Popular singers join IDF bands in ceremony emphasizing songs, poetry of the memorialized; US born soldier Levin honored.

Yuli Edelstein370  (photo credit: Knesset Spokesman’s Office)
Yuli Edelstein370
(photo credit: Knesset Spokesman’s Office)
The Knesset and Defense Ministry commemorated the memory of fallen soldiers and victims of terror Sunday night, in a ceremony featuring their songs, poetry and artwork.
Knesset Speaker Yuli Edelstein, Defense Minister Moshe Ya’alon, Deputy IDF Chief of Staff Gadi Eisencott, Welfare and Social Services Minister Meir Cohen and others read poetry and other works written by fallen soldiers.
Popular singers – such as Keren Peles and Arkadi Duchin – performed accompanied by IDF bands and singers.
The ceremony brought gravitas to the Israeli pastime of singing in public, as the words to well-known songs memorializing soldiers were displayed on large screens and the crowd of over 3,000 sang along with the professionals.

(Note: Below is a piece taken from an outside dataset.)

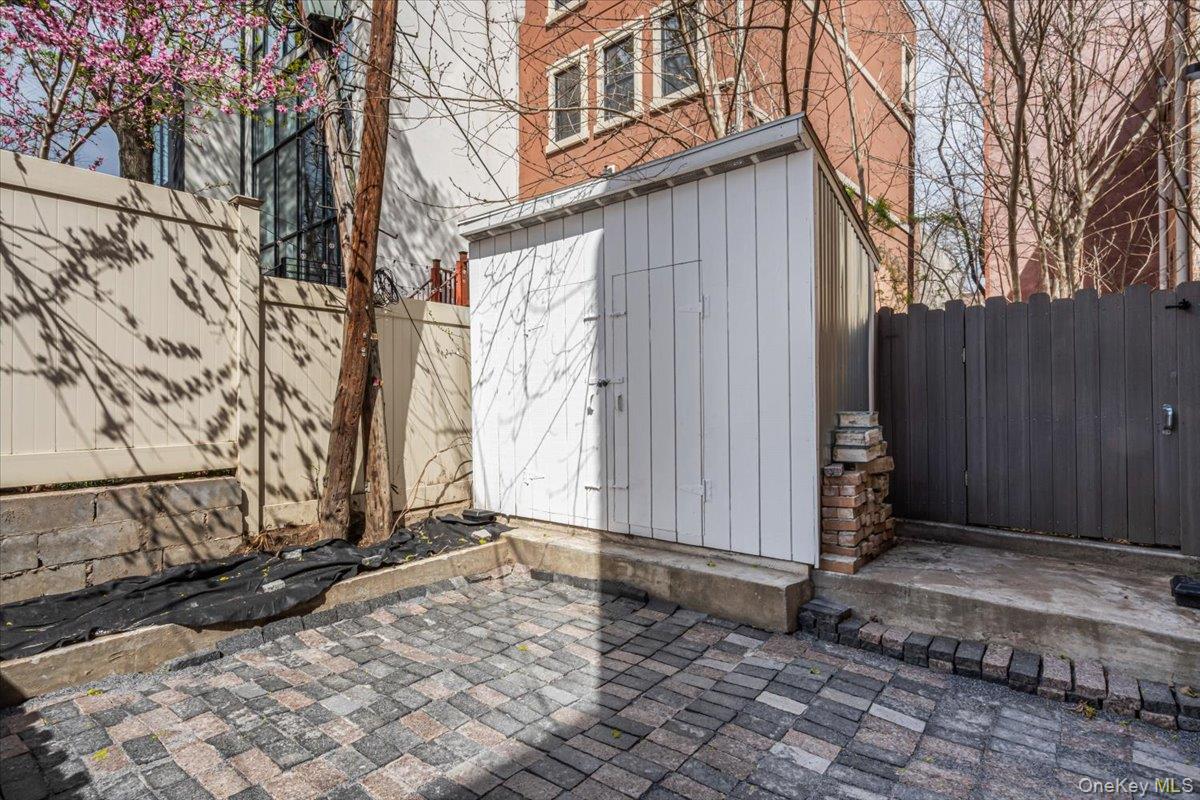 414 Franklin Avenue, Brooklyn, NY 11238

Short documentary segments about fallen soldiers were played between the songs.
Ya’alon recalled a friend of his named Dudik, who was shot in the head during an operation in Jordan.
“Even though 43 years have passed, the memories are still strong, and we still miss Dudik, who stayed 20 years old,” the defense minister said.
The ceremony at the Knesset emphasized acts of memorializing the fallen, such as the dedication of branches of the Lone Soldier Center in Tel Aviv and Jerusalem in the name of US-born IDF soldier Michael Levin, who was killed in the Second Lebanon War.
Levin immigrated to Israel from Philadelphia in 2002 and joined the Paratroop Brigade. He fought in the Second Lebanon War, cutting short a vacation to the United States to rejoin his comrades.
On August 21, 2006, a Hezbollah sniper killed Levin in the southern Lebanese village of Ayta a- Shayeb. He was 21 years old.
Another soldier honored at the ceremony was Avi Afner, who died in the 1997 Helicopter Disaster. His family hiked the Israel Trail in his honor.
Works of art – drawings, paintings and sculptures – by soldiers who died during their service, gathered by the Defense Ministry, were also displayed on a screen at the ceremony, as an IDF band sang.
Books compiling the art and writings of soldiers who were killed, were first published in 1952, titled Parchment of Fire, after the poet Reuven Avinoam, who lost his son Noam in the War of Independence, asked then prime minister David Ben- Gurion to collect and publish such works.
Seven Parchment of Fire books have been published.
In 1965, the first three volumes were translated into English, and in 1970 a record was released of songs based on poems from the books.